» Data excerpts
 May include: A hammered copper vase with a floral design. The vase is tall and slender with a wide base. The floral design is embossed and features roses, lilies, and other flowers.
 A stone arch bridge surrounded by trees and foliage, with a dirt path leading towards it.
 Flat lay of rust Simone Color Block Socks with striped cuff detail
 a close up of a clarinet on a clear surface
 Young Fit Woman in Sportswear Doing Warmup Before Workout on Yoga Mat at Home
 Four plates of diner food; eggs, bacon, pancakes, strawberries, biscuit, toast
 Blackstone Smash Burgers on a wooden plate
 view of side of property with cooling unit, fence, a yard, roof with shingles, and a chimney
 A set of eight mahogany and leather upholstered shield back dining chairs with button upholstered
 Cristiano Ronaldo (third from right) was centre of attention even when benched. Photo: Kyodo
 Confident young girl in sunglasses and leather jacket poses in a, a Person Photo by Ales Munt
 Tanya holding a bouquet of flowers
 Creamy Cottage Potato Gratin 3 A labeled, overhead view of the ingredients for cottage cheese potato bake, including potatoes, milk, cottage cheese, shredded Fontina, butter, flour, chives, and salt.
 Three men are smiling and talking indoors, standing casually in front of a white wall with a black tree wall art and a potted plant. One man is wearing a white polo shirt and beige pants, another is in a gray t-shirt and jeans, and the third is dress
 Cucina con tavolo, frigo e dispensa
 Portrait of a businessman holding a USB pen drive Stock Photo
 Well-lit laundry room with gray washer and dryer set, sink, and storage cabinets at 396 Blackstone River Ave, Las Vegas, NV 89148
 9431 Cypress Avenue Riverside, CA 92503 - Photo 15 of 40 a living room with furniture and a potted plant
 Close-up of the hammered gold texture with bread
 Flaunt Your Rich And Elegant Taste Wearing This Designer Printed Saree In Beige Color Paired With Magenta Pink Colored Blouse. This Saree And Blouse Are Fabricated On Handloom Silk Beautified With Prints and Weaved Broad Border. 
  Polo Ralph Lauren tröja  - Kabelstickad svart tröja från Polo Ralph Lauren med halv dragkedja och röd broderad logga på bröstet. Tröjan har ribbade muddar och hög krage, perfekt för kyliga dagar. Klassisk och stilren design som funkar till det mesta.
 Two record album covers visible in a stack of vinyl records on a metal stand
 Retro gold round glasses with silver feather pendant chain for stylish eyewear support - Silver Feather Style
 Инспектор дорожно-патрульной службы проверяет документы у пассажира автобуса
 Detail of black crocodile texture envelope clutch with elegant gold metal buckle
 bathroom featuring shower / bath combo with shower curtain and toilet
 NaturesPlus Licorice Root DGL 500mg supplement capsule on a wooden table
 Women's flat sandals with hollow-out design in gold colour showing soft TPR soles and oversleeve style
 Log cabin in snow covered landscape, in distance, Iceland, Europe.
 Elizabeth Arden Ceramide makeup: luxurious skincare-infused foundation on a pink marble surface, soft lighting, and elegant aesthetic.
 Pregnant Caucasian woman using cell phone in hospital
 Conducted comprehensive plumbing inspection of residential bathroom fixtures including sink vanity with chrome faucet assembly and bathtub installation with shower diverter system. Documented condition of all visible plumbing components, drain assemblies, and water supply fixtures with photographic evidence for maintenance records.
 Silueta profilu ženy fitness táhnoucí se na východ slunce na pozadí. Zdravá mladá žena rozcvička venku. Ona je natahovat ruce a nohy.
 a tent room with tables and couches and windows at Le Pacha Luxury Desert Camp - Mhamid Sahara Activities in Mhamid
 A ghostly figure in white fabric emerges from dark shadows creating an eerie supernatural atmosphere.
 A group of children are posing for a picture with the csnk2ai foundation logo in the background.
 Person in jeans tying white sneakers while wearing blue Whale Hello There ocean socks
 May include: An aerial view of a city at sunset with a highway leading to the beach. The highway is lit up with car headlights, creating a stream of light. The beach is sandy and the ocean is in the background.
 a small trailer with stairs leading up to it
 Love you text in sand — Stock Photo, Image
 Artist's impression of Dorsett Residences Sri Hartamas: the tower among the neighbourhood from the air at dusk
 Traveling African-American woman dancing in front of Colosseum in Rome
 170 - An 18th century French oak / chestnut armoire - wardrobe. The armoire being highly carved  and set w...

» Task brief
Repeat the data in full. Nothing may be dropped or altered.

» Output below
 May include: A hammered copper vase with a floral design. The vase is tall and slender with a wide base. The floral design is embossed and features roses, lilies, and other flowers.
 A stone arch bridge surrounded by trees and foliage, with a dirt path leading towards it.
 Flat lay of rust Simone Color Block Socks with striped cuff detail
 a close up of a clarinet on a clear surface
 Young Fit Woman in Sportswear Doing Warmup Before Workout on Yoga Mat at Home
 Four plates of diner food; eggs, bacon, pancakes, strawberries, biscuit, toast
 Blackstone Smash Burgers on a wooden plate
 view of side of property with cooling unit, fence, a yard, roof with shingles, and a chimney
 A set of eight mahogany and leather upholstered shield back dining chairs with button upholstered
 Cristiano Ronaldo (third from right) was centre of attention even when benched. Photo: Kyodo
 Confident young girl in sunglasses and leather jacket poses in a, a Person Photo by Ales Munt
 Tanya holding a bouquet of flowers
 Creamy Cottage Potato Gratin 3 A labeled, overhead view of the ingredients for cottage cheese potato bake, including potatoes, milk, cottage cheese, shredded Fontina, butter, flour, chives, and salt.
 Three men are smiling and talking indoors, standing casually in front of a white wall with a black tree wall art and a potted plant. One man is wearing a white polo shirt and beige pants, another is in a gray t-shirt and jeans, and the third is dress
 Cucina con tavolo, frigo e dispensa
 Portrait of a businessman holding a USB pen drive Stock Photo
 Well-lit laundry room with gray washer and dryer set, sink, and storage cabinets at 396 Blackstone River Ave, Las Vegas, NV 89148
 9431 Cypress Avenue Riverside, CA 92503 - Photo 15 of 40 a living room with furniture and a potted plant
 Close-up of the hammered gold texture with bread
 Flaunt Your Rich And Elegant Taste Wearing This Designer Printed Saree In Beige Color Paired With Magenta Pink Colored Blouse. This Saree And Blouse Are Fabricated On Handloom Silk Beautified With Prints and Weaved Broad Border. 
  Polo Ralph Lauren tröja  - Kabelstickad svart tröja från Polo Ralph Lauren med halv dragkedja och röd broderad logga på bröstet. Tröjan har ribbade muddar och hög krage, perfekt för kyliga dagar. Klassisk och stilren design som funkar till det mesta.
 Two record album covers visible in a stack of vinyl records on a metal stand
 Retro gold round glasses with silver feather pendant chain for stylish eyewear support - Silver Feather Style
 Инспектор дорожно-патрульной службы проверяет документы у пассажира автобуса
 Detail of black crocodile texture envelope clutch with elegant gold metal buckle
 bathroom featuring shower / bath combo with shower curtain and toilet
 NaturesPlus Licorice Root DGL 500mg supplement capsule on a wooden table
 Women's flat sandals with hollow-out design in gold colour showing soft TPR soles and oversleeve style
 Log cabin in snow covered landscape, in distance, Iceland, Europe.
 Elizabeth Arden Ceramide makeup: luxurious skincare-infused foundation on a pink marble surface, soft lighting, and elegant aesthetic.
 Pregnant Caucasian woman using cell phone in hospital
 Conducted comprehensive plumbing inspection of residential bathroom fixtures including sink vanity with chrome faucet assembly and bathtub installation with shower diverter system. Documented condition of all visible plumbing components, drain assemblies, and water supply fixtures with photographic evidence for maintenance records.
 Silueta profilu ženy fitness táhnoucí se na východ slunce na pozadí. Zdravá mladá žena rozcvička venku. Ona je natahovat ruce a nohy.
 a tent room with tables and couches and windows at Le Pacha Luxury Desert Camp - Mhamid Sahara Activities in Mhamid
 A ghostly figure in white fabric emerges from dark shadows creating an eerie supernatural atmosphere.
 A group of children are posing for a picture with the csnk2ai foundation logo in the background.
 Person in jeans tying white sneakers while wearing blue Whale Hello There ocean socks
 May include: An aerial view of a city at sunset with a highway leading to the beach. The highway is lit up with car headlights, creating a stream of light. The beach is sandy and the ocean is in the background.
 a small trailer with stairs leading up to it
 Love you text in sand — Stock Photo, Image
 Artist's impression of Dorsett Residences Sri Hartamas: the tower among the neighbourhood from the air at dusk
 Traveling African-American woman dancing in front of Colosseum in Rome
 170 - An 18th century French oak / chestnut armoire - wardrobe. The armoire being highly carved  and set w...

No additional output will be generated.